-- Task details --
Please take the lines from the one holding "practice in the" through the one holding "sensitive communication are" in the data below and copy them exactly.

-- Extracted data --
=== Begin Enclosure ===

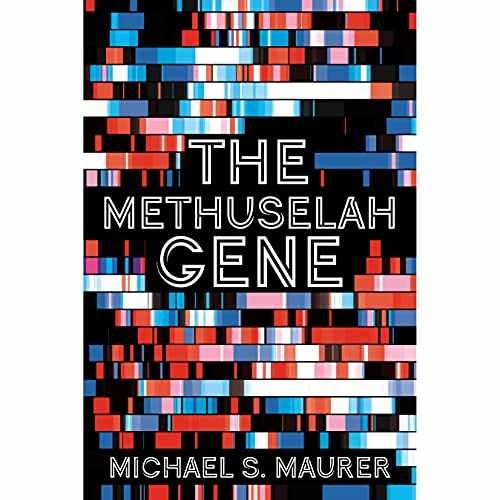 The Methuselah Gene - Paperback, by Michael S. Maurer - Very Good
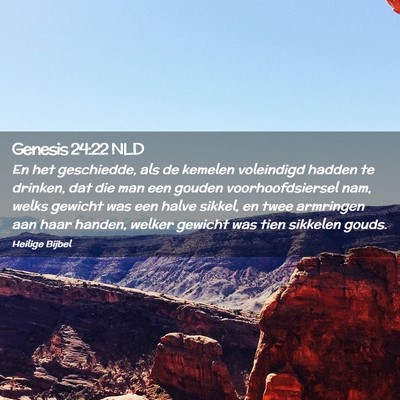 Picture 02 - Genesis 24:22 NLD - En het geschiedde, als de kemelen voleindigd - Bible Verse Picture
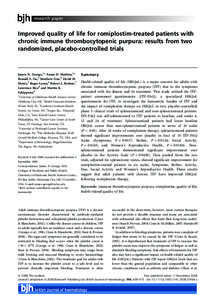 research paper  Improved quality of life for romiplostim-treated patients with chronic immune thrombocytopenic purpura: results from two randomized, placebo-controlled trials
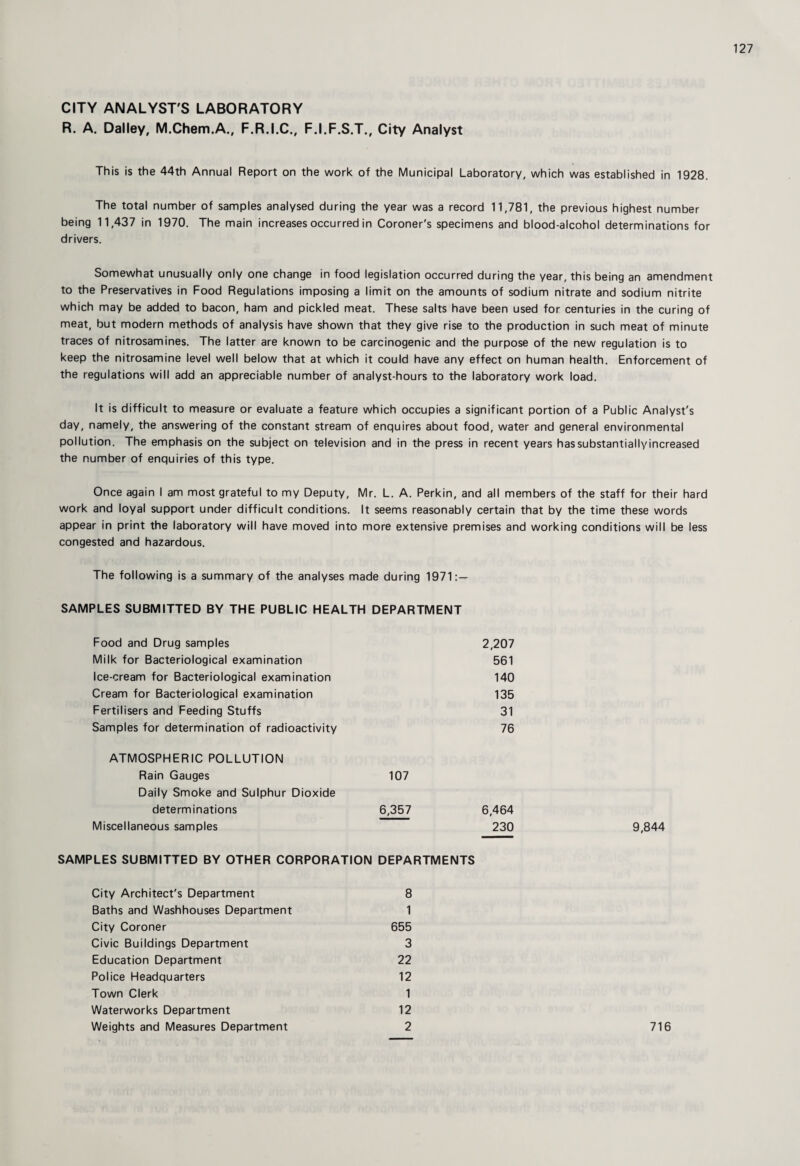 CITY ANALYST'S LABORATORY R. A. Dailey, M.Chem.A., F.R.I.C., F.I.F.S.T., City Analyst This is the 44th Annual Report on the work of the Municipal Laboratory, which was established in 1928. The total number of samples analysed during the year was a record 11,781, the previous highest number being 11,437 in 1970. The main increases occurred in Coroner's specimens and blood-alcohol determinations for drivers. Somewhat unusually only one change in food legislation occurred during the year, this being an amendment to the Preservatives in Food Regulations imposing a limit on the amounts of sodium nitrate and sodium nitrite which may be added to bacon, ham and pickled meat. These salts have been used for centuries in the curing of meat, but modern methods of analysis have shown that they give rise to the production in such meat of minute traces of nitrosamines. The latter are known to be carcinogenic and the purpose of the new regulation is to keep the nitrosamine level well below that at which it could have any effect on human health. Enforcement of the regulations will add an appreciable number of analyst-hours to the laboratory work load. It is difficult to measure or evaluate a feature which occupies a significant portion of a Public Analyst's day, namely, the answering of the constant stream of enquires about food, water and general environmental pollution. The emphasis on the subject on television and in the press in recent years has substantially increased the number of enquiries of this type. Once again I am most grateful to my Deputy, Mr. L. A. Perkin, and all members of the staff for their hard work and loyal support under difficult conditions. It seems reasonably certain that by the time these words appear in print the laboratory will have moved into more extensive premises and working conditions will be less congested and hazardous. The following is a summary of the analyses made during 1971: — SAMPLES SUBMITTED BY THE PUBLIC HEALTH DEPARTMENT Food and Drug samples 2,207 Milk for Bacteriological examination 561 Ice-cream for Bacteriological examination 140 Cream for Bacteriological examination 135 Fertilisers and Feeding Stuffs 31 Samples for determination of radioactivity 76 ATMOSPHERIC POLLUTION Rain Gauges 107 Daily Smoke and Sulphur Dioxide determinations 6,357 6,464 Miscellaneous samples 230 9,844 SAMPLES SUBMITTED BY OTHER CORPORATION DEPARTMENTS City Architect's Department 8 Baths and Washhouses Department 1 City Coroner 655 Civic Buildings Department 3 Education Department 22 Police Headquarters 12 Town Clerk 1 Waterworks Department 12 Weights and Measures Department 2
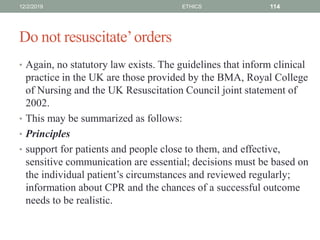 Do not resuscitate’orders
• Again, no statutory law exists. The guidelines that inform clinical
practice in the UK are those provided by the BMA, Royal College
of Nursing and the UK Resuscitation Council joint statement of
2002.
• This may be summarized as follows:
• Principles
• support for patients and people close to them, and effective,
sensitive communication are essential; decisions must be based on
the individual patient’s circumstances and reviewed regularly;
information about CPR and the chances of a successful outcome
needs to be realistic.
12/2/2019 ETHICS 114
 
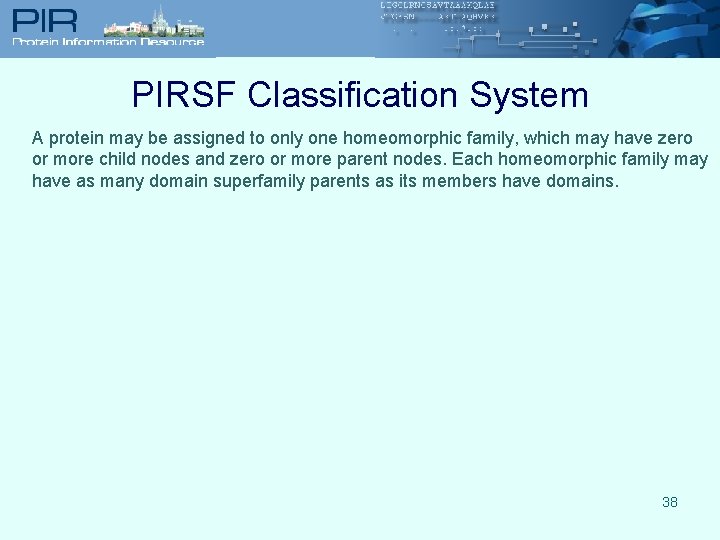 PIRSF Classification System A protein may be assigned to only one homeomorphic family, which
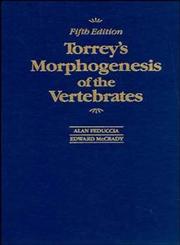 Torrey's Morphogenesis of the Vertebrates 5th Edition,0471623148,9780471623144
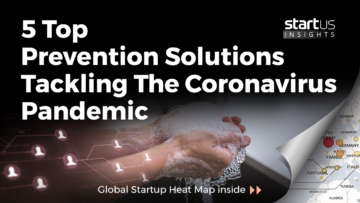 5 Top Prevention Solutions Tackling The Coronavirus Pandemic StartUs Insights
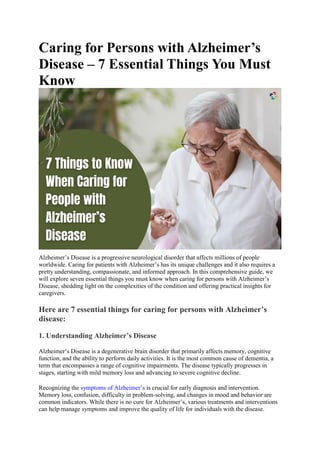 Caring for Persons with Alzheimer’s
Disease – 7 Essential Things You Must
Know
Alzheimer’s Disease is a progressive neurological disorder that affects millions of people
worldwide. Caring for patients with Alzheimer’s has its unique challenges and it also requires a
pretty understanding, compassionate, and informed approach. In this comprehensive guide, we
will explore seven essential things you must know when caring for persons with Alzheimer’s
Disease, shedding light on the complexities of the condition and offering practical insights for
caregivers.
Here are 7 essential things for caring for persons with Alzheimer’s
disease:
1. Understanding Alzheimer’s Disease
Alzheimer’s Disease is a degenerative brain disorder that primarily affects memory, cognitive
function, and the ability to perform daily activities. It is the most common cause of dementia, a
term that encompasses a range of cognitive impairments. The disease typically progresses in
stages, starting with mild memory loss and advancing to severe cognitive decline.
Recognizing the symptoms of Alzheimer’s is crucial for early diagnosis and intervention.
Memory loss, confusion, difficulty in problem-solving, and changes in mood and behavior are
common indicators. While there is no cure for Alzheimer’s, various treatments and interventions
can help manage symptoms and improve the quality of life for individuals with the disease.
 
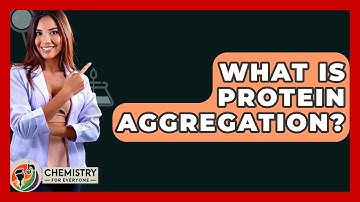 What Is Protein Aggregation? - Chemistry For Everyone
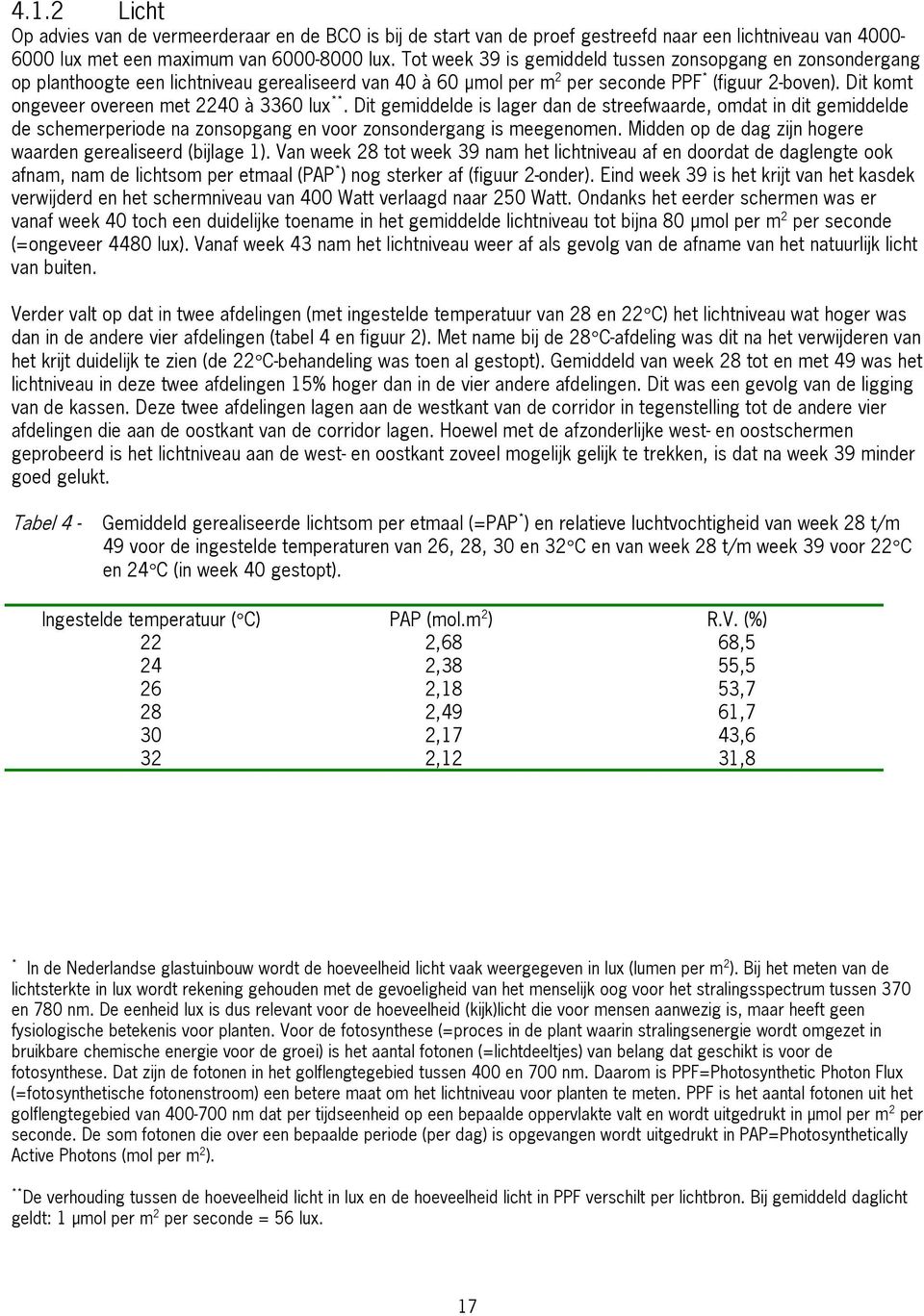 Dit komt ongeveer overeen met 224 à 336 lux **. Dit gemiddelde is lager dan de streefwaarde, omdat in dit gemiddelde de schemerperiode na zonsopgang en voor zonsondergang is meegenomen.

=== End Enclosure ===

-- Exercise response --
practice in the UK are those provided by the BMA, Royal College
of Nursing and the UK Resuscitation Council joint statement of
2002.
• This may be summarized as follows:
• Principles
• support for patients and people close to them, and effective,
sensitive communication are essential; decisions must be based on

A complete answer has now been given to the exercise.